Претендентов на роль автора «Гамлета», «Макбета», «Зимней сказки» было немало. Среди них — писатели, политики, лорды, сама Елизавета I. Надо сказать, их ряды не слишком оскудели и по сей день. В числе наиболее именитых — блистательные современники Шекспира: драматург, неутомимый путешественник, один из самых отчаянных людей своего времени Кристофер Марло, биография которого пестрит «белыми пятнами»; философ, видный политический деятель Фрэнсис Бэкон.
Этот извечный вопрос дал название одной из глав книги Джона Уайтхеда: «Шекспир, Бэкон, Марло — кто же?» Может показаться странным, что классическая литературоведческая проблема вошла в книгу об истории мистификации. Но ведь если бы поверить всерьез, что Шекспир — лишь маска, это была бы самая величайшая мистификация в литературе всех времен и народов.
Великий спор о Шекспире в XX веке занимает не только исследователей-филологов. Покинув академические пределы, он вошел в плоть литературы нашего века.

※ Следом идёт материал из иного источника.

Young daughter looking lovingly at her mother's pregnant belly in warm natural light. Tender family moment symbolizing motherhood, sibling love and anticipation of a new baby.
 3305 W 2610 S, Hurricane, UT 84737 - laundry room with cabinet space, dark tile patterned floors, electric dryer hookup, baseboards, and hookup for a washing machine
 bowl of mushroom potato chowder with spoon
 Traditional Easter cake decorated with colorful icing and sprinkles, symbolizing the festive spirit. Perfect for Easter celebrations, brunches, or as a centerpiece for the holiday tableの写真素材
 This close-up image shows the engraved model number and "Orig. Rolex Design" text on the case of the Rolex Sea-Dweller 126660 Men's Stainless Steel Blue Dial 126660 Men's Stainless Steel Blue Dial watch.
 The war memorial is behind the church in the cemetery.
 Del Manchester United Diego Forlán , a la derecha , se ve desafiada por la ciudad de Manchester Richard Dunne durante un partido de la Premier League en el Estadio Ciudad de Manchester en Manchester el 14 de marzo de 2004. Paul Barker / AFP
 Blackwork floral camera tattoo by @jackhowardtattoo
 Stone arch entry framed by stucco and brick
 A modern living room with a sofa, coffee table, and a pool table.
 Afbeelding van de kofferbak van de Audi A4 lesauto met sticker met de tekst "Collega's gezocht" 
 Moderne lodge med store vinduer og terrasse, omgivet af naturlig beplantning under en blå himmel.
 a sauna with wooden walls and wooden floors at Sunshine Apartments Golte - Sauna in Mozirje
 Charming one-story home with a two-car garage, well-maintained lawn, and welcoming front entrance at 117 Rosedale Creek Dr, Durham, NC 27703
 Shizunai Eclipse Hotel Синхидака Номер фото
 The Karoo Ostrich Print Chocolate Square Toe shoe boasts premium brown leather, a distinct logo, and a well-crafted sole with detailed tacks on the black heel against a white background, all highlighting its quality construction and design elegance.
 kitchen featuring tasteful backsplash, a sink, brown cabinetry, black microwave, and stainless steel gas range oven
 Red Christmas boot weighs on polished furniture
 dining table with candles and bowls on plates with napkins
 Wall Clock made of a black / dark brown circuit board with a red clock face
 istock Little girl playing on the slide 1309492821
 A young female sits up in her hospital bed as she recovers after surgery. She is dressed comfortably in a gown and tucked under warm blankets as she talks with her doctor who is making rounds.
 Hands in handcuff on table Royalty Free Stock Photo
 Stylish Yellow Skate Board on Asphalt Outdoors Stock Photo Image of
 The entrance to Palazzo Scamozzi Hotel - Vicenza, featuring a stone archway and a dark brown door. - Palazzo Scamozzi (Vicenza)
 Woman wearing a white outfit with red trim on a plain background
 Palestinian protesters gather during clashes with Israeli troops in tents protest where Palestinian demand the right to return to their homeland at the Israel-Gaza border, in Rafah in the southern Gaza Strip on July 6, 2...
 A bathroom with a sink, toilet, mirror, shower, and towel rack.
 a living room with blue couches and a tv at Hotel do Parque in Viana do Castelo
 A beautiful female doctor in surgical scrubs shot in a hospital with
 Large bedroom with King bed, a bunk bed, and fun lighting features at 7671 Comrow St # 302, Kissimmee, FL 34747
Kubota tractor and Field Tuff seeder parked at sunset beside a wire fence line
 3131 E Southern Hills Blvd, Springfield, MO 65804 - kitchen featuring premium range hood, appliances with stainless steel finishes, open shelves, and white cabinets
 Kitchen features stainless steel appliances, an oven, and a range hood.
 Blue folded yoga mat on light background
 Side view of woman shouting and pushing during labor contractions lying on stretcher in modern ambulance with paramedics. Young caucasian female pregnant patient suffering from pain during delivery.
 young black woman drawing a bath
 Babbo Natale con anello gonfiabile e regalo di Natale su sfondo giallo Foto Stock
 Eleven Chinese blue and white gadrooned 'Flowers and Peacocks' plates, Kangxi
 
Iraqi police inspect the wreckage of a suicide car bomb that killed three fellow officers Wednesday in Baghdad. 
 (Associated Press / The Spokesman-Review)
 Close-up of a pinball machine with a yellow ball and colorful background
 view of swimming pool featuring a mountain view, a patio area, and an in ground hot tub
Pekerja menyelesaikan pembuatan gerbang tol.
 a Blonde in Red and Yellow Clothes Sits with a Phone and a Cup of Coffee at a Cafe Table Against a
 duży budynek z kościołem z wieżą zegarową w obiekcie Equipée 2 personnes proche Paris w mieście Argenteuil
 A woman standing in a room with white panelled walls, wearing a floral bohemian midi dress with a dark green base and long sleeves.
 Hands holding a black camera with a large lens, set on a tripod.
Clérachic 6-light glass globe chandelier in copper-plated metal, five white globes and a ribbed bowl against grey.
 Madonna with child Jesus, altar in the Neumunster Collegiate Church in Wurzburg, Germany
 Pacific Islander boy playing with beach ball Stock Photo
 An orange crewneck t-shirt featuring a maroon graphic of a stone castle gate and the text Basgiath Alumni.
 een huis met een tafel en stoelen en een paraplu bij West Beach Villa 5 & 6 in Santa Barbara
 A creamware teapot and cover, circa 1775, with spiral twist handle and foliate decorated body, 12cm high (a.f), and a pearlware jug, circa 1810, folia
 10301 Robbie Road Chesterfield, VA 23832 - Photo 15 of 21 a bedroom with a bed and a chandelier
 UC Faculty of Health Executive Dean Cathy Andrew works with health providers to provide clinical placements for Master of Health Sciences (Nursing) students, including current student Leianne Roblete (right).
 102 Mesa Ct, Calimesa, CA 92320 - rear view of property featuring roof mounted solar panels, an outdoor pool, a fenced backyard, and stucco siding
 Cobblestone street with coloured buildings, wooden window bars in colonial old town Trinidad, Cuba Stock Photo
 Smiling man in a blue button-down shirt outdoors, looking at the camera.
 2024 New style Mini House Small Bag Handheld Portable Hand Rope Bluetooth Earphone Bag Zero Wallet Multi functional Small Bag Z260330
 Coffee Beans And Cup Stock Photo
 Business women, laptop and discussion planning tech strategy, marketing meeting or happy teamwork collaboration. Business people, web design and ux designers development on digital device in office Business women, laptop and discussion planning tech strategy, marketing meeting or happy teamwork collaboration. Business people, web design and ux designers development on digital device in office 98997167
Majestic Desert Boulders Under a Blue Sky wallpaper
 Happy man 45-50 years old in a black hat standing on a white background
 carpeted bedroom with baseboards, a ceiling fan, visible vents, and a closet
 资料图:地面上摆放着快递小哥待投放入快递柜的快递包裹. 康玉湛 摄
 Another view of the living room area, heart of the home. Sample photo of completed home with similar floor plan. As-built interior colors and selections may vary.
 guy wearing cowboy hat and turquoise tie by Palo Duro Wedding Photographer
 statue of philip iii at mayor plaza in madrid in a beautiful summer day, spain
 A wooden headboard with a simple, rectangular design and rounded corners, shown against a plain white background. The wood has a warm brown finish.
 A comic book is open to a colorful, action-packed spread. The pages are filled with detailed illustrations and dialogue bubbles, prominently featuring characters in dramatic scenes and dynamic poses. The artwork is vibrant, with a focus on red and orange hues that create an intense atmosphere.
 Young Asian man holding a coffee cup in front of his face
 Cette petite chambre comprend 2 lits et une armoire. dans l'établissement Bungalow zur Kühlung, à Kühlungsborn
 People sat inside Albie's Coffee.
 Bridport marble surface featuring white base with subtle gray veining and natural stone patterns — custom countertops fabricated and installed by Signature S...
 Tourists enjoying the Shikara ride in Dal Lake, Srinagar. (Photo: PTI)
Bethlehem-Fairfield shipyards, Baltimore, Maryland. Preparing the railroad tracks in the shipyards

Начало этому, вероятно, положил Джеймс Джойс в самом своем известном и самом спорном романе «Улисс», где впервые история и быт оказались столь плотно соединены с мифом. Одна из глав в черновом варианте по аналогии с Гомером называлась «Сцилла и Харибда». Здесь Джойс подробно, проявив недюжинную эрудицию, изложил суть шекспировской загадки. Четкого ответа на вопрос, существовал Шекспир или нет, Джойс, впрочем, не дает. Его Шекспир — символ творца, точнее, творческого начала, которому по самой природе его тесно в любой теории.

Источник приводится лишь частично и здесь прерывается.